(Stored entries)
---
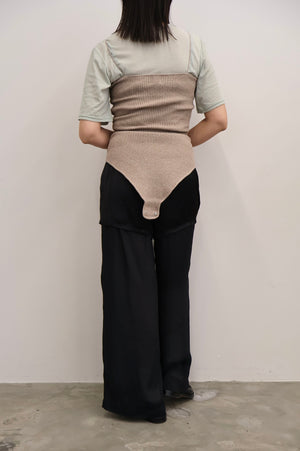 Knit Bare Bodysuit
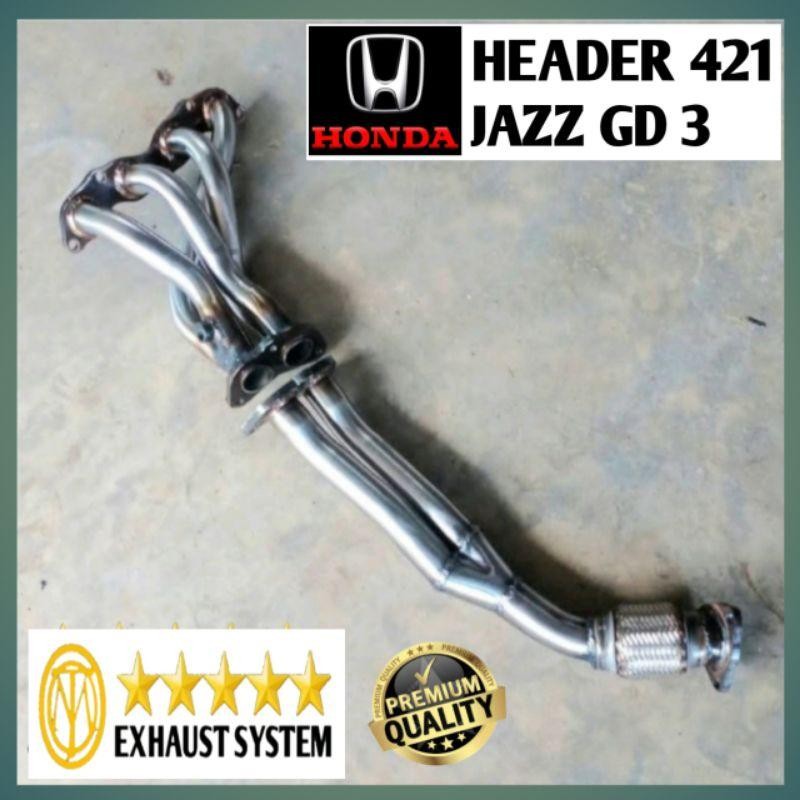 Header 421 Honda Jazz Gd3 Dan Flexibel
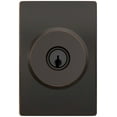 thumbnail image 5 of Schlage F51a-Swa-Cen Custom Swanson Passage Or Privacy Door Knob Set - Nickel, 5 of 7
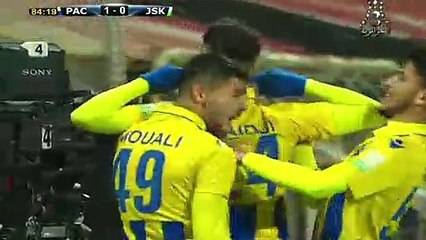 La JSK s'incline face au PAC et s'loigne du leader / Ligue 1 2018-19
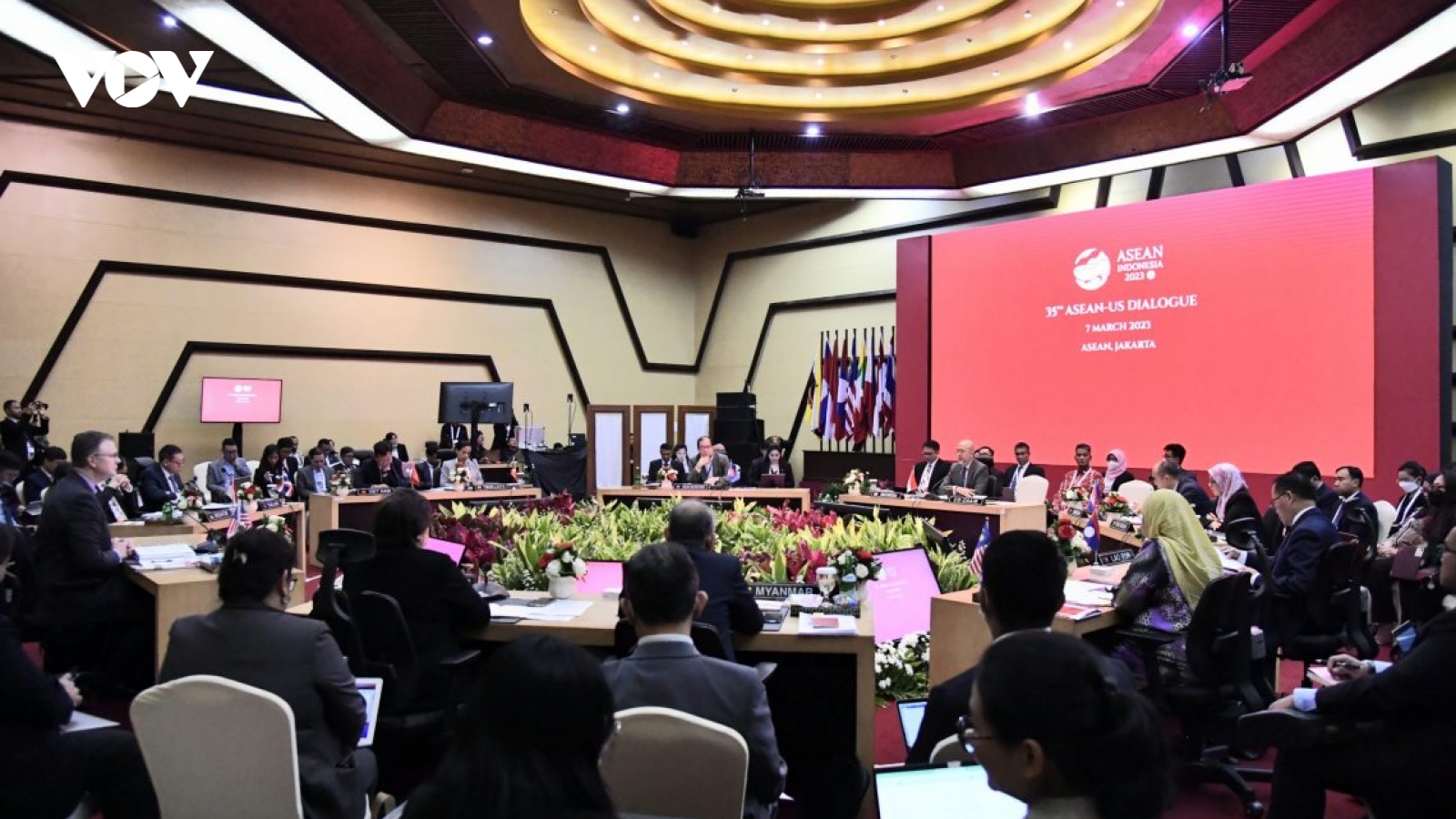 Đối thoại ASEAN-Mỹ thể hiện cam kết của Mỹ với Ấn Độ Dương-Thái Bình Dương
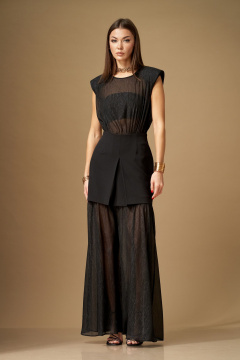 Платье, топ N.O.W. 1644 черный - фото 1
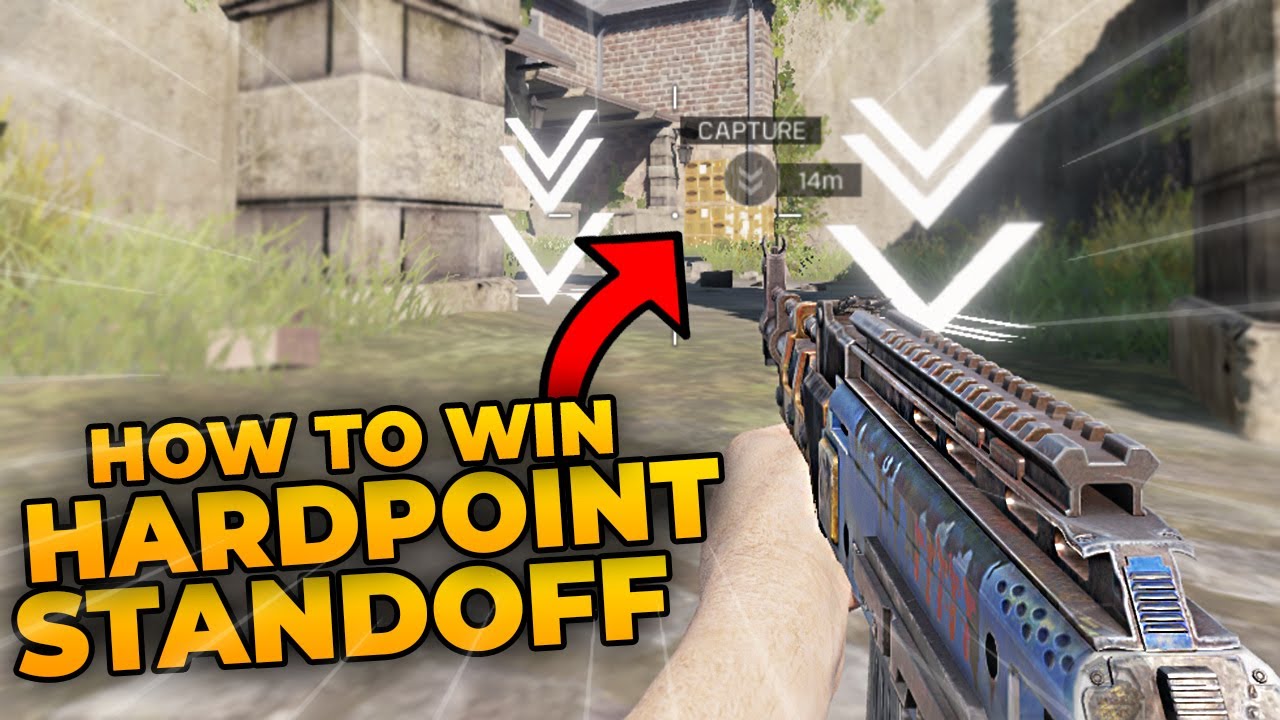 How to win hardpoint standoff in Cod Mobile!
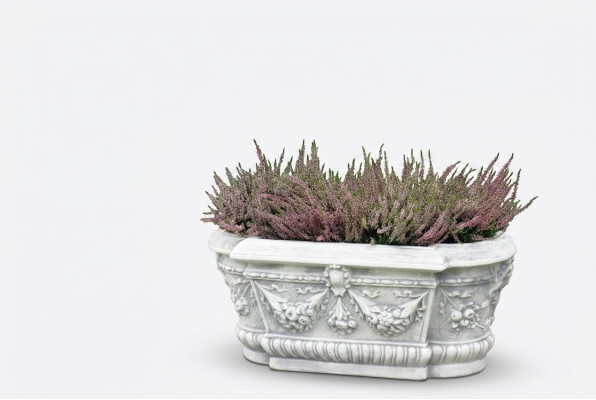 Blumentöpfe Dekorative Kasten Topf Blumen Töpfe XXL Garten Beton Terrasse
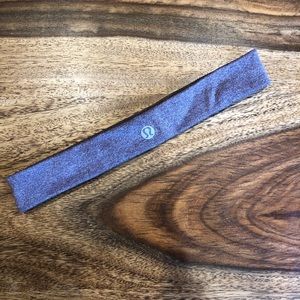 Heather Purple lululemon Headband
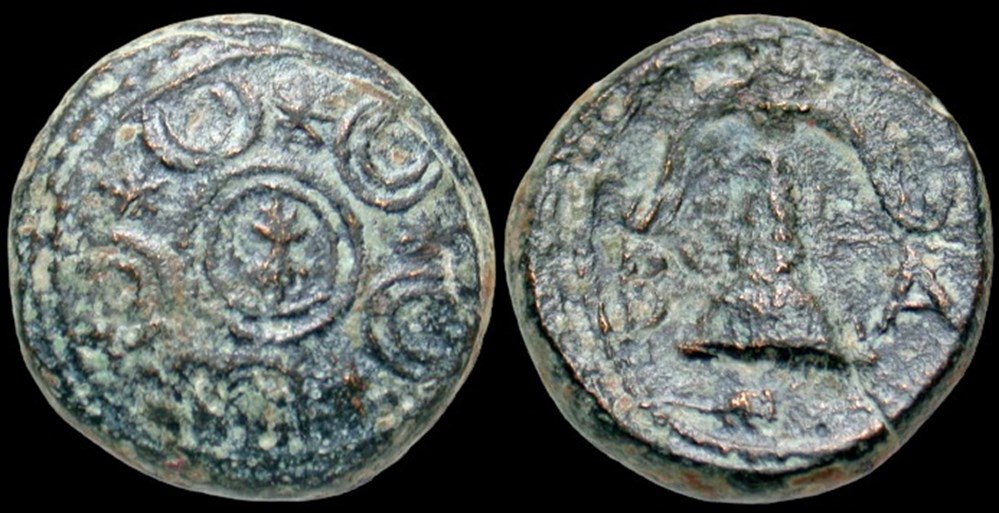 Alexander III - Philip III 325-310 B.C. AE unit (16.4 mm, 4.91 g). coins ancient to greek alexander iii philip iii 325 310 b c ae unit 16 4 mm 4 91 g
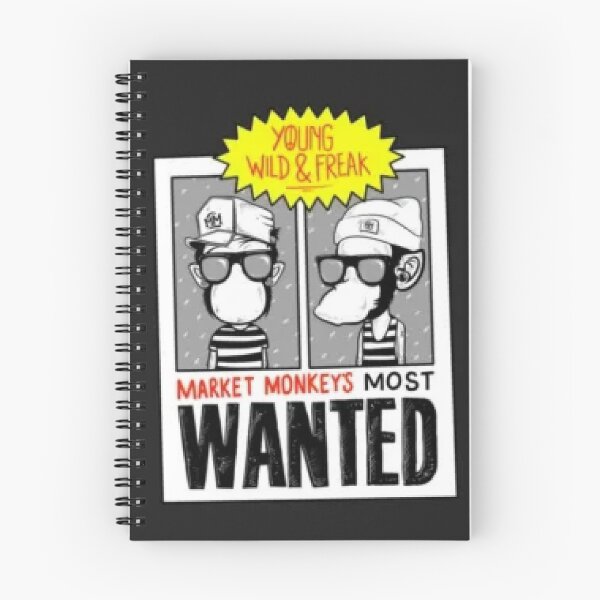 Item preview, Market Monkey Most Wanted designed and sold by StreetFreakArt.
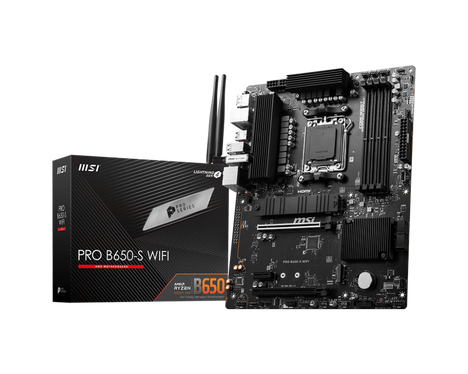 Материнская плата MSI AMD B650 PRO B650-S WIFI
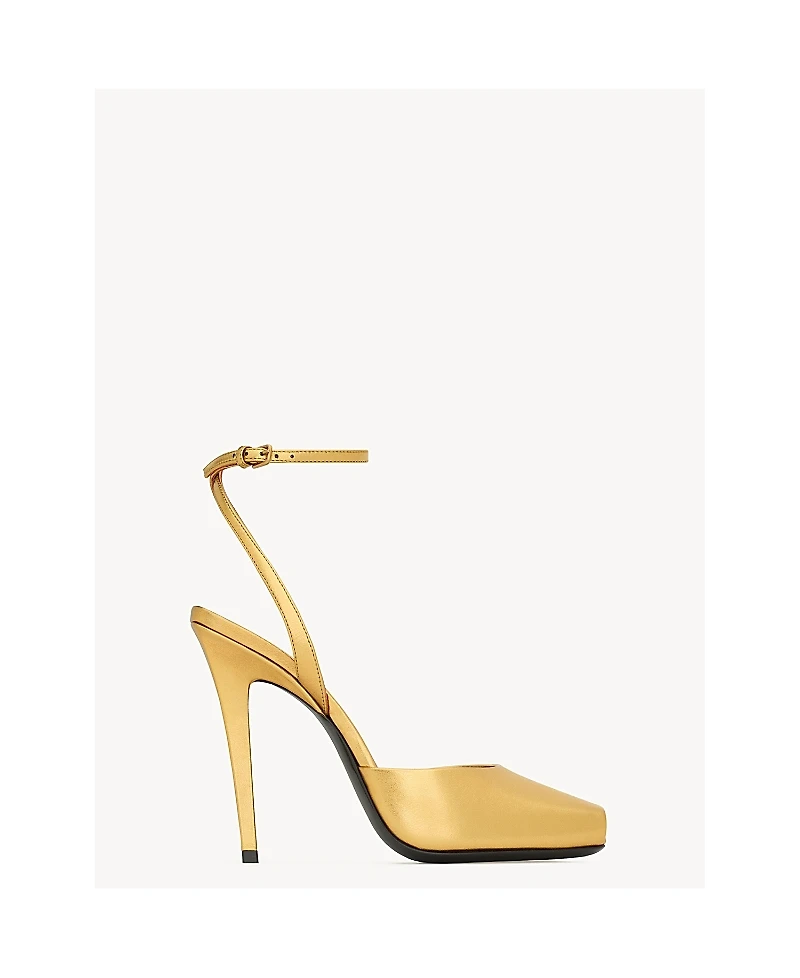 Saint Laurent Women's La Scandale Sandals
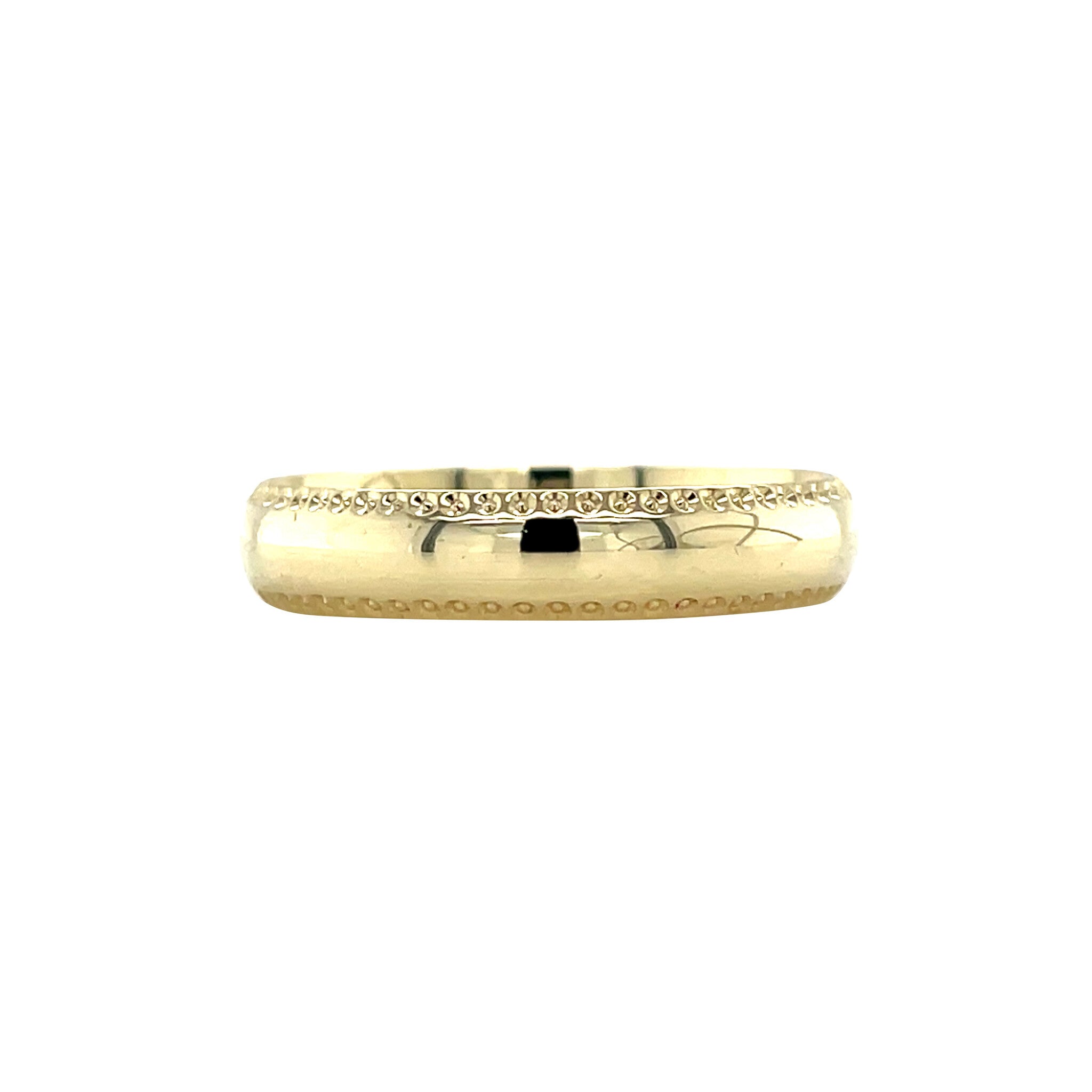 Gold fantasy ring 14 kt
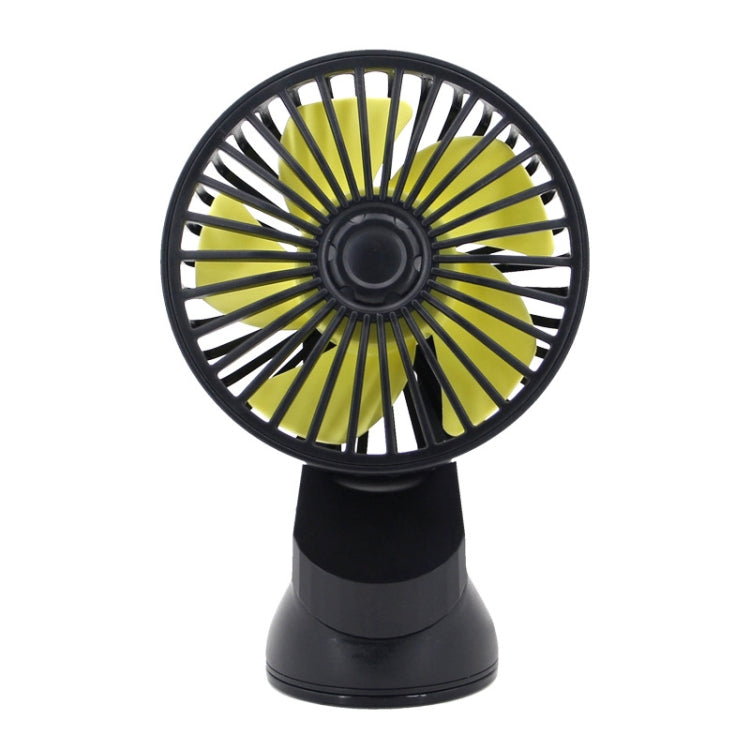 F402 Portable Car Center Console Sucker Electric Cooling Fan with Aromatherapy - Heating & Fans by PMC Jewellery | Online Shopping South Africa | PMC Jewellery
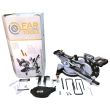 Scie à onglet radiale 2000 W JOS 255D 255 mm 36 dents laser avec accessoires FARTOOLS ONE 113398 photo du produit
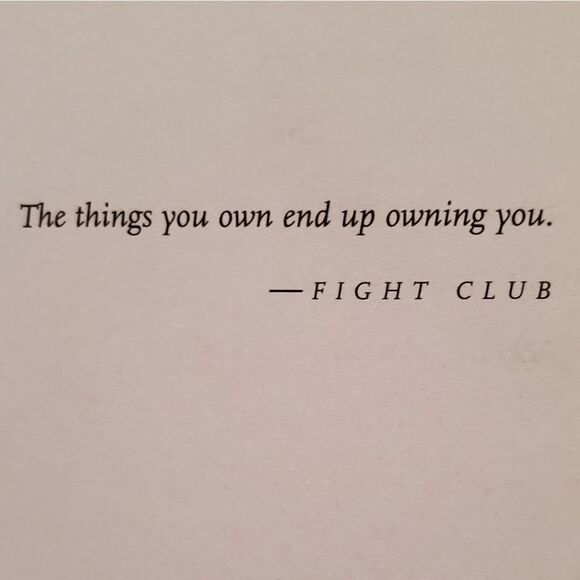 🔺️NWOT It's All Too Much; An Easy Plan For Living A Richer Life With Less Stuff - Picture 6 of 6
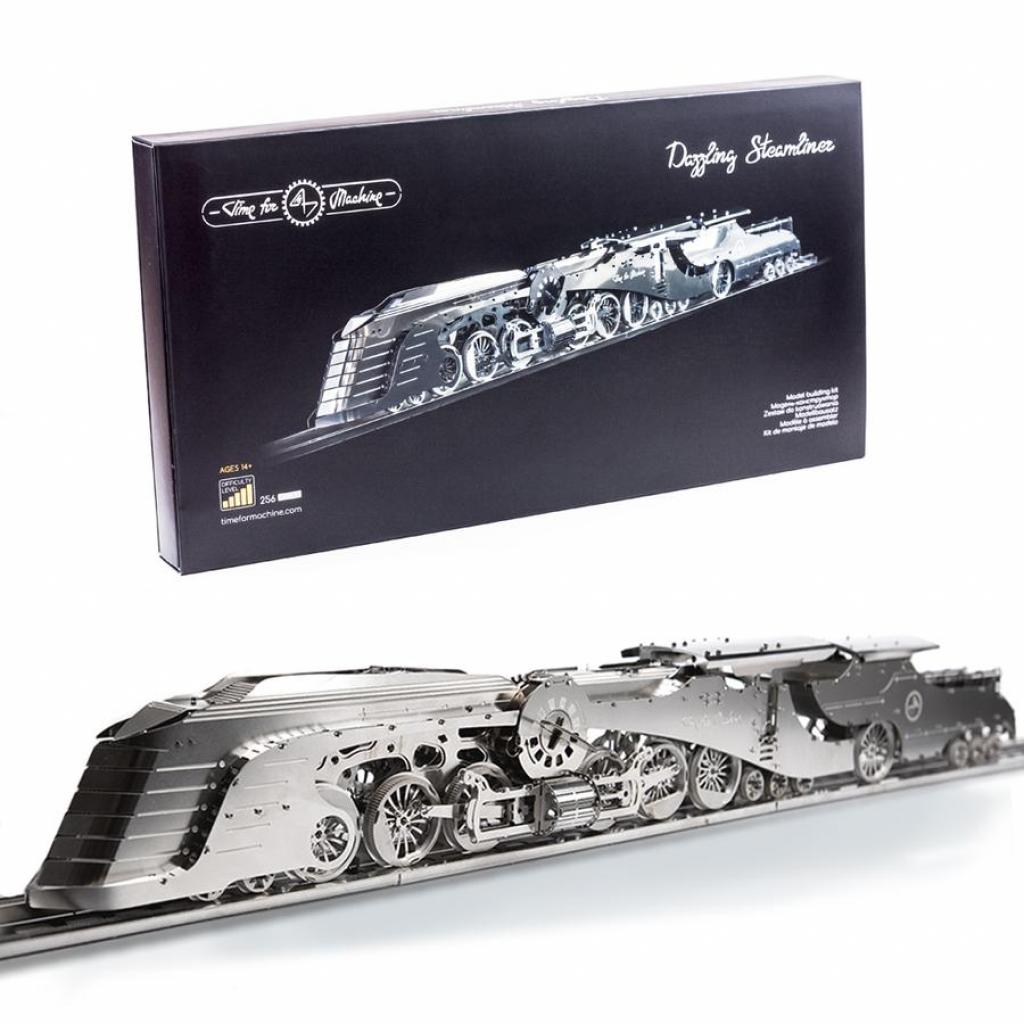 Конструктор Time For Machine колекційна модель Dazzling Steamliner (T4M38017) - зображення 2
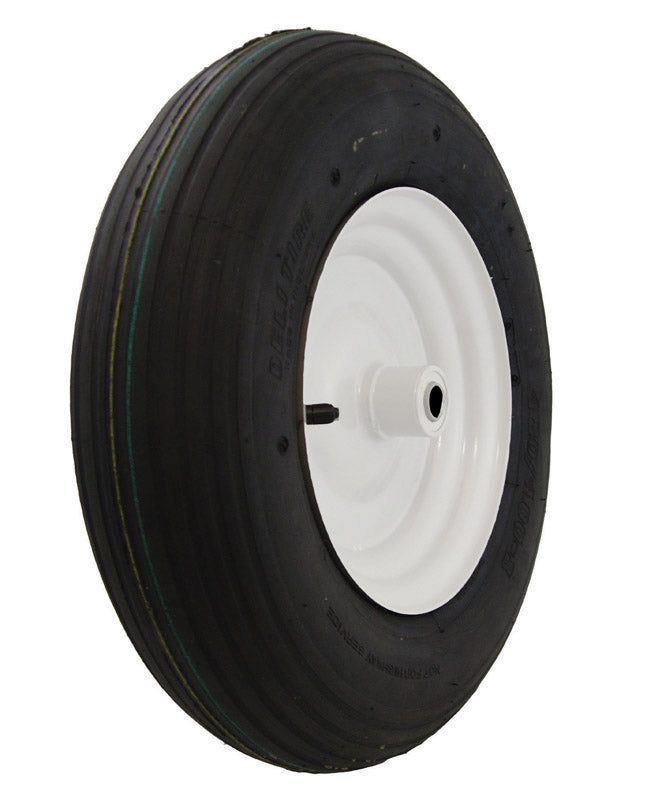 MARATHON - Marathon 8 in. D X 16 in. D 500 lb. cap. Offset Wheelbarrow Tire Steel 1 pk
---
PROBLEM: Write out the lines of the entries above exactly, beginning with the first and ending with the line that contains "Heather Purple lululemon Headband". No picture goes in.

ANSWER SECTION:
 Knit Bare Bodysuit
 Header 421 Honda Jazz Gd3 Dan Flexibel
 thumbnail image 5 of Schlage F51a-Swa-Cen Custom Swanson Passage Or Privacy Door Knob Set - Nickel, 5 of 7
 La JSK s'incline face au PAC et s'loigne du leader / Ligue 1 2018-19
 Đối thoại ASEAN-Mỹ thể hiện cam kết của Mỹ với Ấn Độ Dương-Thái Bình Dương
 Платье, топ N.O.W. 1644 черный - фото 1
 How to win hardpoint standoff in Cod Mobile!
 Blumentöpfe Dekorative Kasten Topf Blumen Töpfe XXL Garten Beton Terrasse
 Heather Purple lululemon Headband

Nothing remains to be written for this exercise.